Oozing an eclectic concoction of quaint boutiques, trendy bars and hipster cafés, Tynemouth is a hotspot for locals as well as beach-seeking tourists. Throw in a funky festival with Instagram-worthy food stalls and street performances that are downright mind-blowing and you’re in for a good weekend.
Despite not being the most glamorous mode of transport, arriving by Metro to Tynemouth Station was a nice change to the hour-long walk with a booze-laden sledge from car park to campsite at Leeds Festival in 2016 (the last festival I attended).
From the get-go, music was everywhere as The Can’t Sing Choir belted out Oh When the Saints on the station platform, encouraging everyone and their grandmothers to sing along; the hustle and bustle of the weekly Station Market adding to the electric atmosphere. Recently voted ‘Best Place to Live by the Seaside’ by The Times, it’s days like this that really show you why Tynemouth won the accolade.
I followed the troops carrying picnic baskets and fold-up chairs to Front Street, home of the Land of Green Ginger. Multi-coloured bunting flapped in the light while the sea breeze and familiar smell of Marshall’s fish and chips got my taste-buds tingling. Vintage VW Campervans took pride of place in the centre of the lively strip and crowds gathered around daring circus performers, Duo Looky and Mimbre who showed off their spectacular balance and theatrical flair on the Cabaret Stage. And, as I queued to enter, I suppressed a smile as a security-guard confiscated a festival-goer’s glass bottle of salad cream. No saucy pork pies for her with the strict no-glass policy being enforced vigorously.
Kicking off the four-day event (now in its 15th year), Geordie-boy-next-door Sam Fender pleased his adoring fans with an impressive homecoming performance and, by Sunday, The Proclaimers had their work cut out to bring the festival to an epically memorable close (for good measure, in-between we had headliners Britalian crooner Jack Savoretti and 80s icon Rick Astley).
Nestled in the ruins of an English Heritage listed castle and priory, overlooking the golden Longsands, 4,000 fans awaited the arrival of the iconic Scottish duo, lungs at the ready to join in with 500 Miles. The Tardis-like grounds were scattered with groups of people, all faces turned towards the main stage; slightly burnt bald heads, questionable dancing and cans of pre-mixed gin and tonic were in abundance. Leading the crowd, a group of heads bobbed up and down adorned with Tartan hats and ginger locks – we definitely had some diehard fans among us.
When Big Red and The Grinners took to the stage, we were given a taste of the Deep South…South Shields that is. Featuring double bass, banjo, accordion, acoustic guitars and percussion, this five-piece band knew how to win over a crowd.
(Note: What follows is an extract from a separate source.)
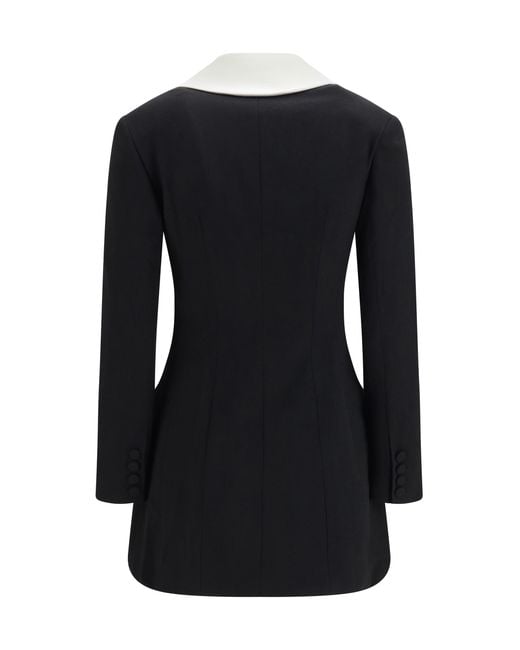 Self-Portrait Black Mini Blazer Dress Wool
Covering everything from Pump up the Jam to Take Me Home, Country Roads, I was left questioning how long it must have taken Grandpappy to perfect his Louisiana accent.
Jack Lukeman dropped everyone’s jaw with his ability to hold notes the length of Tynemouth’s Promenade, his powerful rock voice effortlessly reaching those listening on King Edward’s Bay just below the cliff.
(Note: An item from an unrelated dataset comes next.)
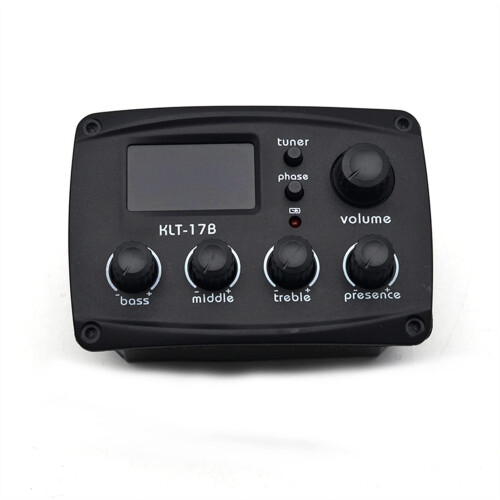 Acoustic Guitar Pickup with 4Band EQ Preamp, LCD Tuner and Phase Reverse Function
As The Proclaimers took to the stage, Charlie said: “This is by far one of the most beautiful settings we’ve ever played in.” It was at this point that the picnic blankets were rolled up and the push towards the front began. The twins kicked things off with a few unfamiliar songs, clearly saving their fan-favourites until the end, nevertheless starting a middle-aged sway.
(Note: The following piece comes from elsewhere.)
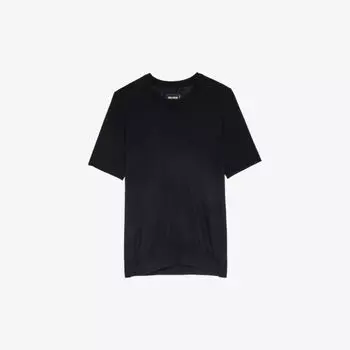 Кашемировый топ Ida Signature Wings Zadig&Voltaire, цвет noir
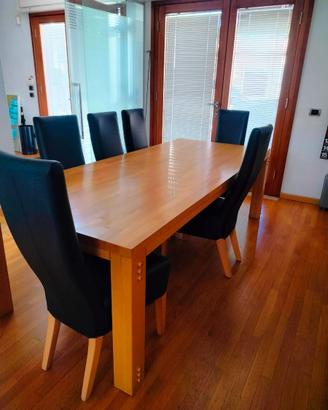 Tavolo rettangolare legno massello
Letters from America was the first of the sing-a-longs, with I’m on My Way encouraging back-and-forth ‘a-ha’s’ but it was Sunshine on Leith which got everyone’s arms waving with its emotional, sombre lyrics. Undoubtedly their most well-known banger, I’m Gonna Be (500 Miles) was sang by everyone within a mile radius before a three-song encore brought the show to a close.